Mr. Ginsburg described this as “virtual” bundled payments and argued that a prospective system, which the fourth CMMI model has, would be more effective at encouraging and funding coordination of care. “Real bundled payment has a much greater upside. This way providers can actually start to work together,” he said. Mr. Minkin also recommended against continuing fee-for-service payments, suggesting hospitals set their contracts at physicians' current level of income, with the potential for bonuses from savings, to remove the incentive to perform more procedures.

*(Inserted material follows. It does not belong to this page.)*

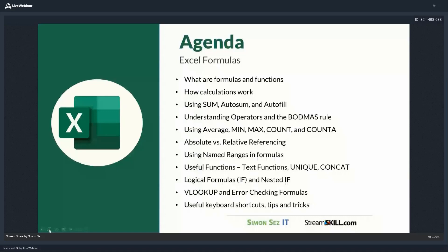We're going to start out with a brief discussion about what exactly formulas and functions are. I'm going to show you how calculations work so you can really understand how formulas are constructed in Excel. We're going to go through some of the basic formulas, show you how to use them in different ways, and share lots of tips and tricks to make yourself more efficient when working with formulas. We're going to look at things like SUM, AutoSum, and AutoFill with keyboard shortcuts. We're going to talk about operators and the BODMAS rule.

But really cutting health care costs may take more than incentives, according to Mr. Ginsburg. Medicare has the authority to make the bundled payment pilots permanent, but legislation would be required to make them mandatory. “If there's going to be a substantial effect on spending, they probably need to be mandatory,” he said.
Ms. Rutledge didn't address that possibility, but she did say that Medicare would be keeping a close eye on the success or failure of the bundled payment experiment and acting quickly on the findings. “We have to figure out how to make a business case that's sustainable. If we find out that one of the awardees' (pilot programs) is doing incredible, we will make sure that all the other awardees are aware of it,” she said.